Bayes' formula P(d|a) = P(a and d) / P(a)

where I found p(a)= 0.3*0.4 + 0.7*0.6 = 0.54

hence P(d|a) = 0.7*0.6 / 0.54 = 0.7777 which is about 78%

Does this sound like a right way to solve this problem or I am doing something wrong here?

Thank You

2. Originally Posted by somestudent2
A population of voters contains 40% Republicans and 60% Democrats. It is reported that 30% of the Republicans and 70% of the Democrats favor an election issue. A person chosen at random from this population is found to favor the issue in question. Find the conditional probability that this person is a Democrat.

Here is what I did.

Let P(r) person chosen is a republicant = 0.4
Let P(d) person chosen is a democrat = 0.6
P(a|r) person supports issue given he\she is republicant = 0.3
P(a|d) person supports issue given he\she is democrat = 0.7
Let 'e' stand for favoring the election issue.

Then (your question sound a little ambigous to me, but I think you mean this),
$P(d|a) = \frac{P(a|d)P(d)}{P(a|r)P(r)+P(a|d)P(d)}$
Now fill in those values.
$P(d) = P(r) = 1/2$.
While, $P(a|r) = .3$ and $P(a|d) = .7$

3. Hi, thanks for your quick response. I have a question. How did you get P(d)=P(r) = 1/2. I thought we are given that there are 40% Republicans so P(r)=0.4 and 60% Democrats so P(d)=0.6 ?

Thanks again.

4. Originally Posted by somestudent2
Hi, thanks for your quick response. I have a question. How did you get P(d)=P(r) = 1/2. I thought we are given that there are 40% Republicans so P(r)=0.4 and 60% Democrats so P(d)=0.6 ?
You are correct. The other is mistake made in haste I am sure.

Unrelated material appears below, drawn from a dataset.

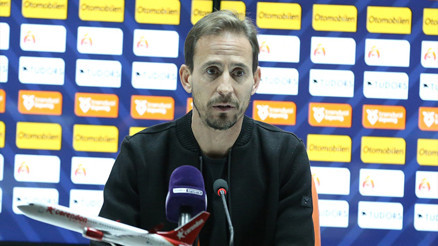 Joao Pereira: Bu galibiyetle öz güven kazanmış olduk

5. Originally Posted by somestudent2
Hi, thanks for your quick response. I have a question. How did you get P(d)=P(r) = 1/2. I thought we are given that there are 40% Republicans so P(r)=0.4 and 60% Democrats so P(d)=0.6 ?

Thanks again.
Yes I made a mistake. When you said "at random" I was thinking 50/50 type random. But the problem says otherwise.